Research: Transient Error Detection and Recovery in Modern Processors


Transient errors in present day microprocessors have various effects. As these errors can affect the control flow of a program, change the system status or modify the data stored in memory. Further, if the system does not perform some run-time checking, an erroneous output might not be detected and be used as a correct output. Many present day information systems are high-availability systems. They are used in a variety of fields where failures can be catastrophic. Some examples include biomedical, aerospace and banking applications where events like spontaneous reboots or incorrect results cannot be tolerated. Hence, runtime error correction and/or redundancy techniques are mandatory to overcome the effects of transient errors. We are working on detection and mitigation of transient errors in various structures inside the processor core. The structures under consideration are the processor pipeline, Re-order buffer and Instruction Queue. At present, techniques are being implemented at the architectural simulator level for detection and recovery.

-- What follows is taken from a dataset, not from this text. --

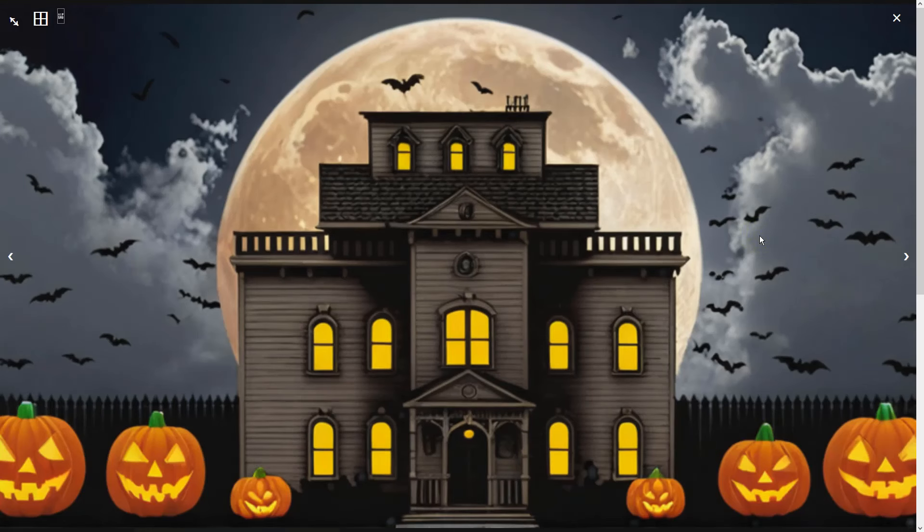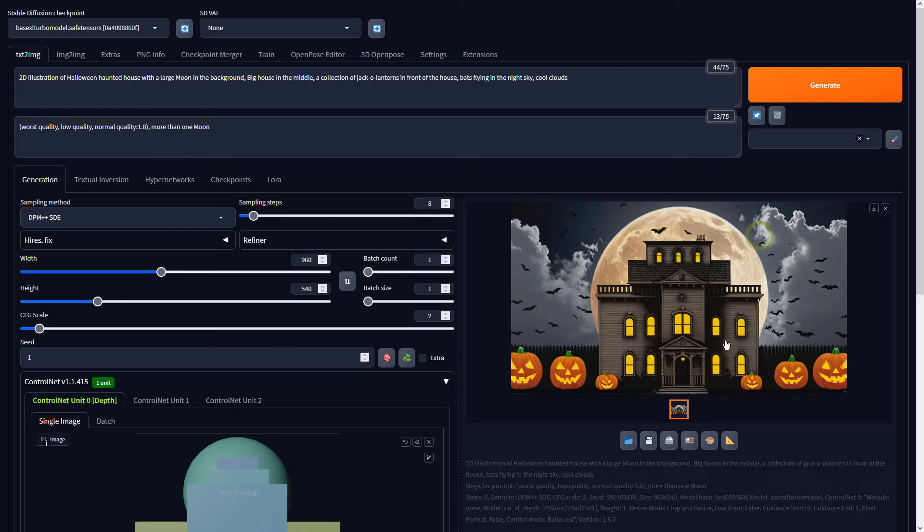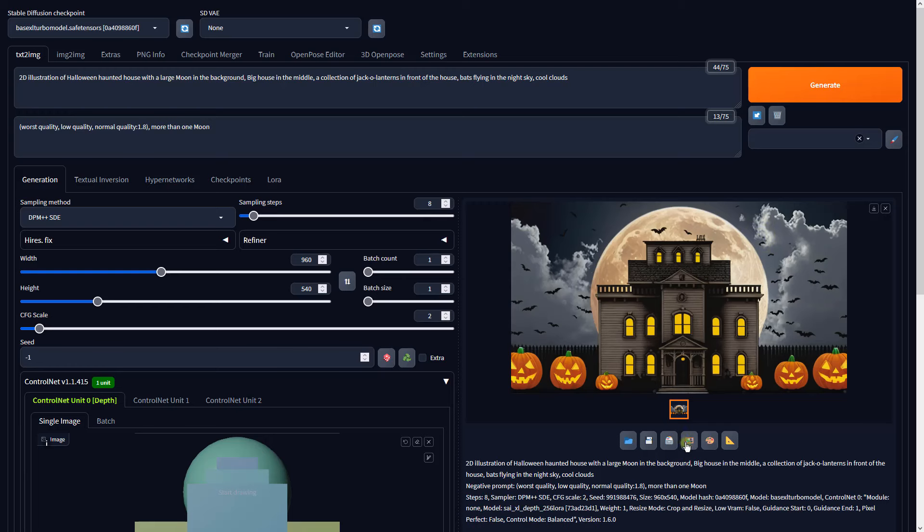Now that the AI knows what we need, let's send this result to Image to Image to further enhance the details.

Research: Modeling Dependability in High-Performance Systems


Present day high performance systems consist of multiple cores serving several jobs simultaneously. Their configurations consist of multiple layers of hardware and software. A typical configuration is shown below:







Each system consists of multiple boards and each board contains multiple cores. An emulation of the operating system (OS) runs on each board, while various software utilities run on the cores. Each hardware or software component can fail independently and automated or manual repairs are started as soon as the failure occurs. We are working towards dependability modeling of these systems that takes into account failure and repair of both hardware and software components. Increased use of these systems in critical applications has given rise to reliability and availability concerns. While reliability refers to failure free operation during a given time interval, availability refers to failure free operation at a given instant of time. Steady-state availability represents the long term probability that the system is available. Another key concept in the context of these systems is performability. Performability quantifies how well a system performs under faults over a given period of time. We are developing Markov models for modeling availability and performability of such systems. These models consider both hardware and software failure and repair scenarios. Additionally, we have developed a Generalized Software Availability Model by deriving closed form expressions for transition probabilities in the Markov model.